Working without pay, federal workers in Spokane start taking loans to pay bills
Jan. 18, 2019 Updated Fri., Jan. 18, 2019 at 6:02 p.m.
In the dozen years Joshua McPhee has worked for the Federal Aviation Administration, he and his wife, Aimie, have weathered a few government shutdowns.
The extended nature of this one concerns the north Spokane couple.
Joshua McPhee still reports to his federal air traffic controller job at the Spokane International Airport, but he isn’t getting a paycheck.
Nothing on the national news makes the couple hopeful. Instead of movement toward passage of a federal budget, they see a stalemate, with politicians from both sides digging in.
“The fear comes from the length of this. Now we’re in our fourth week,” Aimie McPhee said. “We’re starting to dip into our nest egg.”
The couple was approved for a $5,000 zero-interest loan this week through the Spokane Federal Credit Union. They’ve put the money into their savings account to use for emergencies until the government reopens and McPhee receives his back pay.
His wife works as a deli manager at Rosauers, so their family still has one paycheck.
But it’s a stretch to support the family of five, which includes the couple’s three school-age boys, on her income alone.
“We have grocery bills, a mortgage and car payment. Everything a typical American family has, that’s what we’ve got going on,” Aimie McPhee said.
Other local families are feeling the squeeze, too.
Within 24 hours of announcing interest-free loans for federal workers this week, SFCU was blitzed with calls.
Loan officers have approved six loans. They’re processing another 10 applications, and they’ve received 10 additional inquiries. Employees also are working with members on deferring payments for outstanding loans.
This is the second time SFCU has made this type of zero-interest loan available, said Charlotte Nemec, president and chief executive officer. The first time was after the 2015 windstorm to help local residents whose homes were damaged by the gale-force winds.

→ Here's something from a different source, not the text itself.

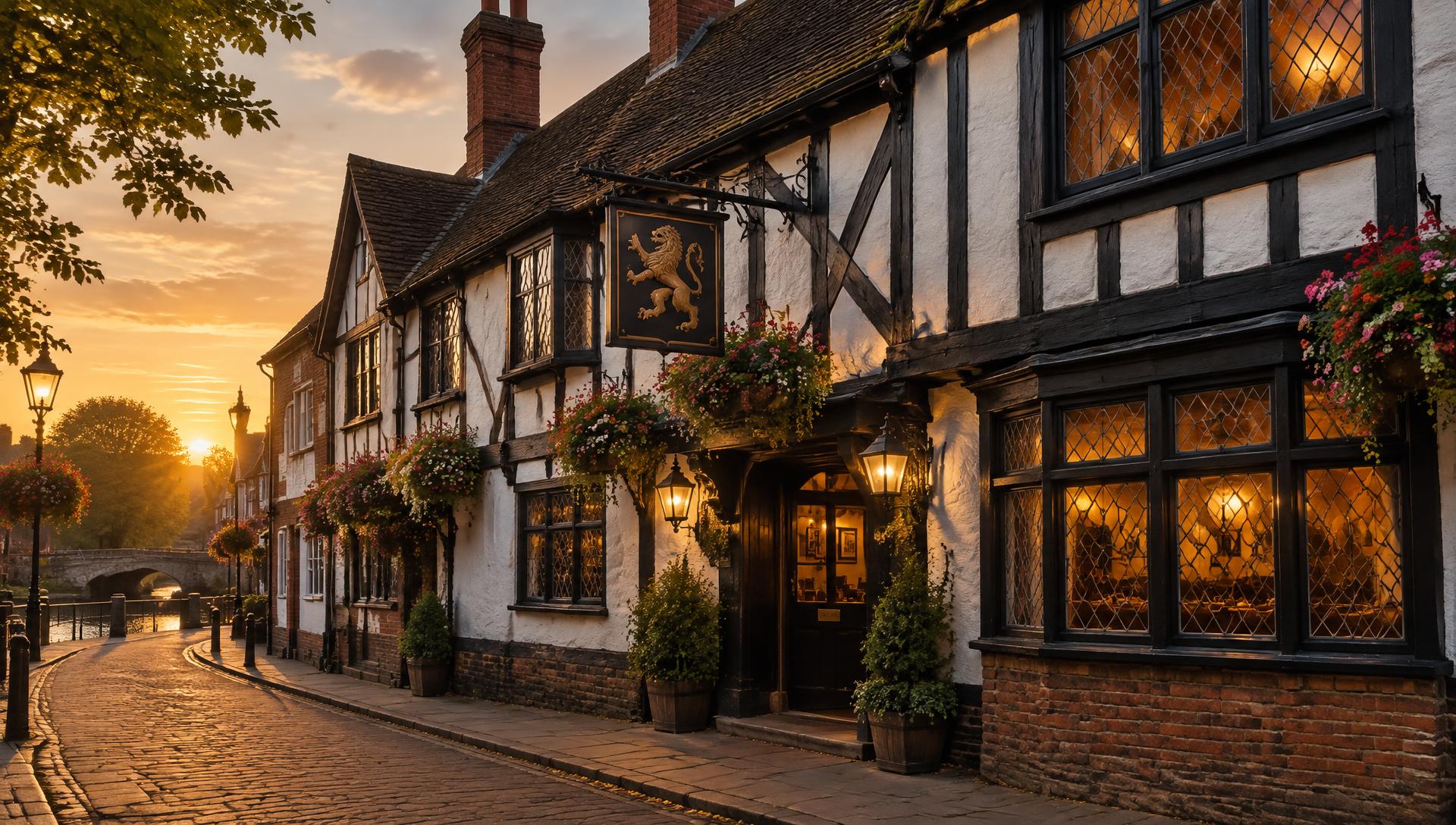 The Crown & Treaty pub exterior at dusk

SFCU was founded in 1956 by seven federal workers. The majority of the credit union’s 11,500 members in Spokane, Stevens and Pend Oreille counties are federal, state and county employees and their family members.
“We owe our existence to federal workers,” Nemec said. “We believe we need to do this to help these people.”
Providing loans without charging interest affects the credit union’s bottom line, but the executive staff quickly decided it was the right thing to do, Nemec said.
“These families are already experiencing financial stress, and we didn’t want to be adding to that stress” by charging interest, she said.
Kendra Wolf stopped by the credit union Thursday morning to apply for a loan. Her husband, Jeremy, is a meteorologist with the National Weather Service in Spokane.
Like Joshua McPhee, he’s among the estimated 450,000 federal workers who remain on the job despite not getting a paycheck. It’s a frustrating situation, said the stay-at-home mother of two:
“He’s still working the same hours. Nothing changes except no paycheck.”
The uncertainty has plunged their household into a financial guessing game. Although she isn’t panicking, Wolf wonders if she should cancel the family’s Netflix account and gym membership or whether the government will reopen before that’s necessary.
The youngest of the couple’s two sons had a birthday last week.
“He’s 6 and he still expects presents,” Wolf said.
While the couple expects to receive back pay, they don’t know if it will arrive in a lump sum or be paid over several paychecks.
Wolf said she’s deeply grateful for the ways the Spokane community has reached out to federal workers, offering free tickets to the Spokane Symphony, free pet food and the zero-interest loan through the credit union. But Wolf said she gets frustrated when she hears members of the public suggest federal employees can live off loans or work as Uber drivers while they wait for their pay.
“That gives the illusion this is OK. It’s not OK,” Wolf said. “I can’t imagine any other employer forcing their employees to come into work and not get paid for an indefinite amount of time.
“They’re dedicated to their work, they like jobs, they know how important it is to the public,” Wolf said of her husband and his co-workers. “But they have families.”
This story was updated to correct the spelling of Kendra Wolf’s first name.